In deciding when to retire, most retirees indicated that their preferences played a role, but life events contributed to the timing of retirement for a substantial share (figure 35). Fifty-three percent of retirees said a desire to do other things or to spend time with family was important for their decision to retire, and 39 percent said they retired because they reached a normal retirement age. Nonetheless, 30 percent said that a health problem was a factor in their decision to retire, and 15 percent said they retired to care for family members. Eleven percent reported they were forced to retire or that work was not available. Collectively, health problems, caring for family, and forced retirements contributed to the timing of retirement for 47 percent of retirees.
Economic well-being among retirees varied considerably by whether the reasons for retirement appeared to be voluntary and determined by preferences or were unanticipated and driven by life events (see box 4).
Even though Social Security was the most common source of income in retirement in 2019, 8 in 10 retirees had one or more sources of private income. This included 59 percent of retirees with income from a pension; 44 percent with interest, dividends, or rental income; and 32 percent with wage income.46 More than three-fourths of retirees received income from Social Security in the past 12 months, including 93 percent of retirees age 65 or older (table 29).
Table 29. Sources of income in the past 12 months among retirees (by age)
Percent
Source | Retires age 65 and older | All retirees |
---|---|---|
Social Security | 93 | 77 |
Pension | 68 | 59 |
Interest, dividends, or rents | 49 | 44 |
Wages, salaries, or self-employment | 25 | 32 |
Cash transfers other than Social Security | 4 | 8 |
Note: Among retirees. Respondents could select multiple answers. Sources of income include the income of a spouse or partner.
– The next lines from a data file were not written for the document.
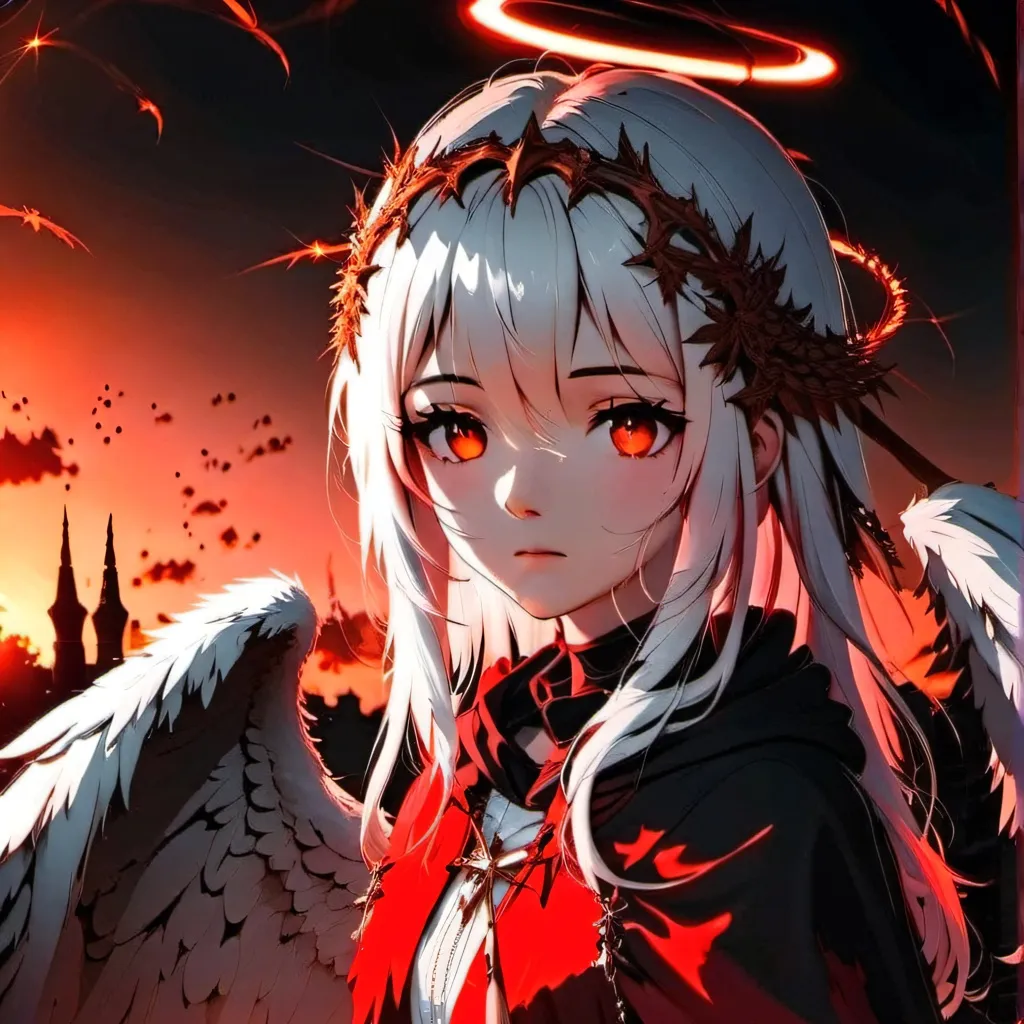 chat with ai character: Elaris 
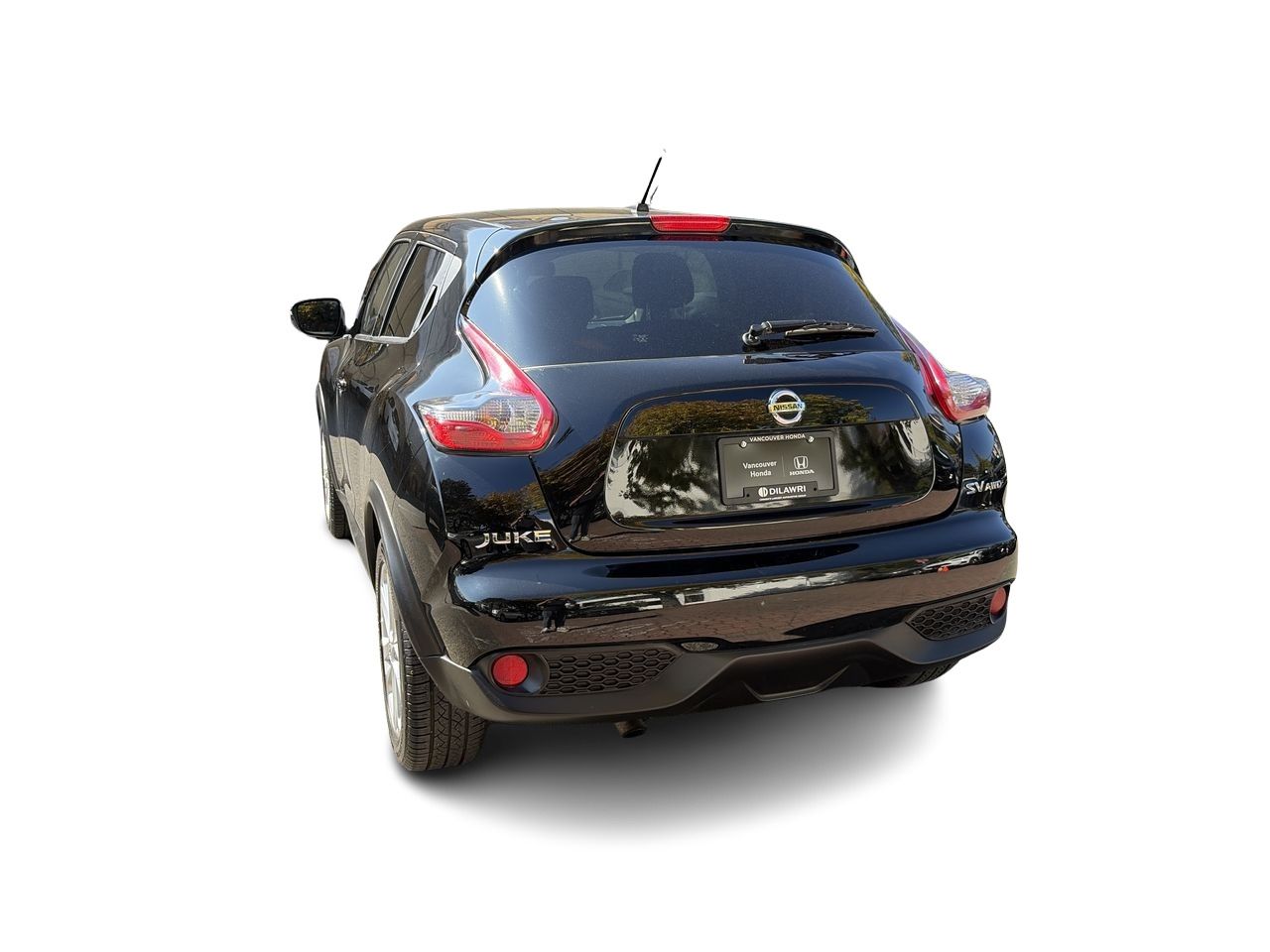 2017 Nissan Juke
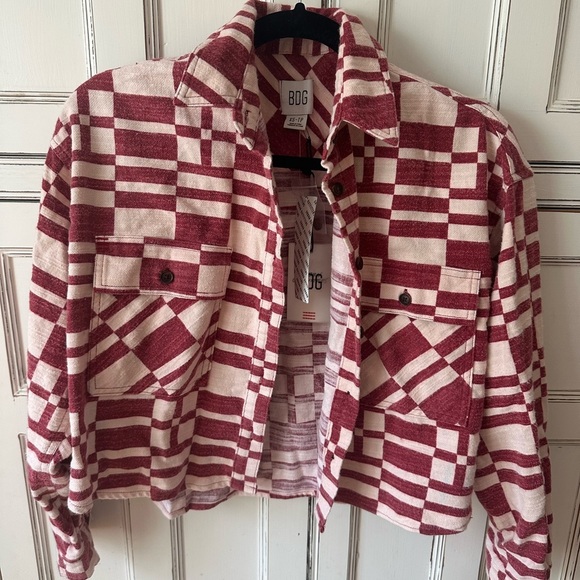 Urban Outfitters Jackets & Blazers - - ❌⭕️Urban Outfitters BDG Jacket❌⭕️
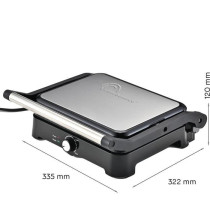 Grill viande - LITTLE BALANCE - 8744 - Speed grill - 2000 W - 2 positi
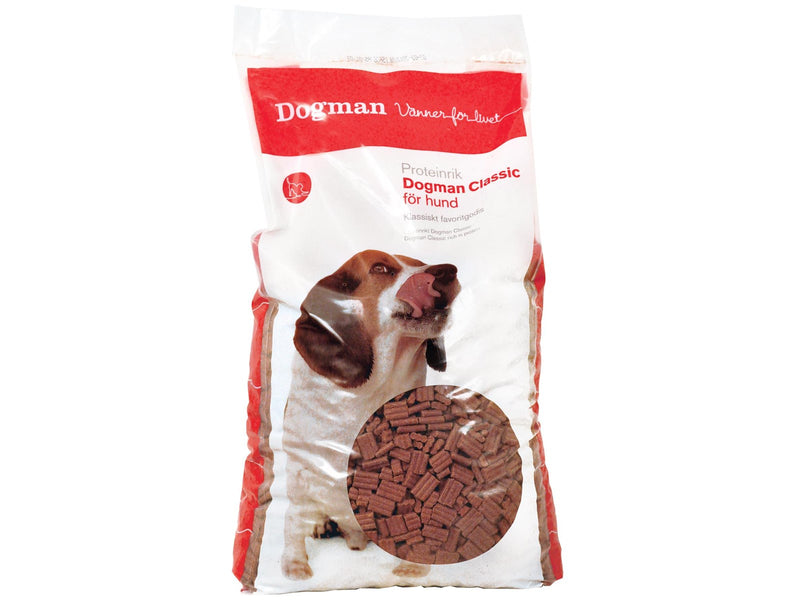 Dogman Klassische Hundeleckerlis 14kg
Box 4. Reasons for Retirement and Retiree Financial Well-Being
Research on retirement expectations has shown that shocks like health problems, job-related changes, and family transitions are important for explaining why some people retire earlier than planned.1 These types of unanticipated or involuntary reasons for retirement may affect family finances in many ways, including reducing income and increasing expenses. Consequently, the reasons for retirement could contribute to financial well-being and financial challenges in retirement.
Retirees with less education disproportionately reported that they retired due to unanticipated or involuntary reasons like health problems and job loss (figure A).2 Twenty-eight percent of those of those with a high school degree or less said that they retired only because of these unanticipated reasons, compared to 13 percent of those with a bachelor's degree or more. The higher incidence of unanticipated or involuntary retirement among those with less education is consistent with research showing that these workers are more likely to apply for disability benefits and claim Social Security early.3 For some, the higher likelihood of health problems and employment transitions may have been related to employment in more physically demanding occupations and more cyclical industries.
The acceleration in the timing of retirement can contribute to lower financial well-being in a number of ways. Early retirement leads to the loss of wage income and employer-provided benefits like health insurance, shortens the time for accumulating retirement savings, and may necessitate that families spend down assets sooner than they had anticipated. Those who are eligible for Social Security can claim benefits beginning at age 62, but at a permanently reduced rate relative to what they could have received by starting benefits later.
Consistent with these expectations, retirees who cited unanticipated or involuntary reasons for the decision to retire express lower rates of well-being across multiple dimensions. Those forced into retirement were less likely to have income from private sources—including pensions, interest, dividends, or wages—relative to those who chose when to retire voluntarily (62 percent versus 91 percent, respectively). They were also more likely to rely on public assistance programs such as Supplemental Security Income (SSI) (16 percent) compared to those who retired voluntarily (1 percent). Additionally, they reported lower rates of overall financial well-being (64 percent versus 94 percent).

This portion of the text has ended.